In the above example, we only used `apply` on one column, but it can be used on entire rows, for example:

In [None]:
parks_df.apply(
    lambda row: f"{row['fullName']}, {row['addresses'][0]['city']}, {row['addresses'][0]['stateCode']}",
    axis=1,
)

But note the differences: we now have to specify the _column_ in the query _and_ we have to specify `axis=1`. Of course we don't need to use `x` or `row`, we can use whatever:

In [None]:
# why not? 🐦

parks_df.apply(
    lambda bird: f"{bird['fullName']}, {bird['addresses'][0]['city']}, {bird['addresses'][0]['stateCode']}",
    axis=1,
)

But your coworkers and collaborators will like you better if you use descriptive names.
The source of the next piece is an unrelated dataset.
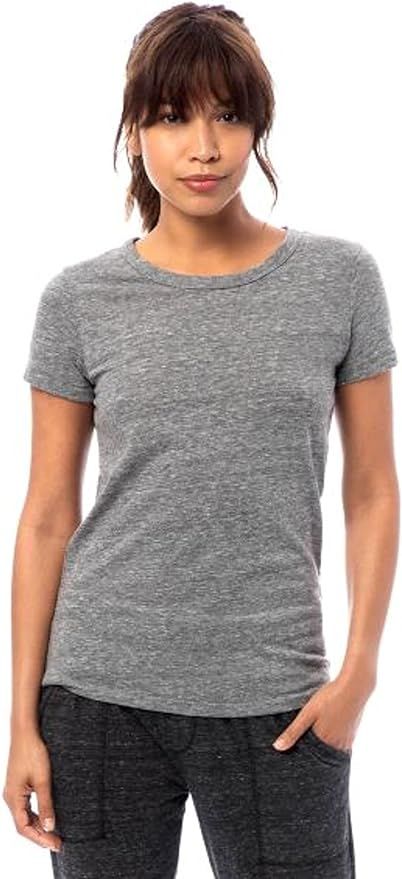 Alternative Women's Shirt, Classic Triblend Paterned Eco Ideal Short Sleeve Tee | Amazon (US)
The power in apply comes from being able to apply arbitrary functions— you can even define your own.

In [None]:
def cubed_len(input_string):
    return len(input_string) ** 3


parks_df["city_state"].apply(cubed_len)

In [None]:
parks_df["states_list"] = parks_df["states"].apply(lambda x: x.split(","))

parks_df[["name", "states_list"]]

The thing to be most aware of is that apply operates _per row_. That means for massive datasets, this can be a _very_ expensive operation. For that reason, columnar-oriented SQL or frameworks like Polars are likely best for those operations, but you'll only need to worry about that in the hundred-thousand to million row range.

So we come to another pattern— using `apply` to perform row-wise transformations using Pandas. This is useful for complex transformations, but can be slow.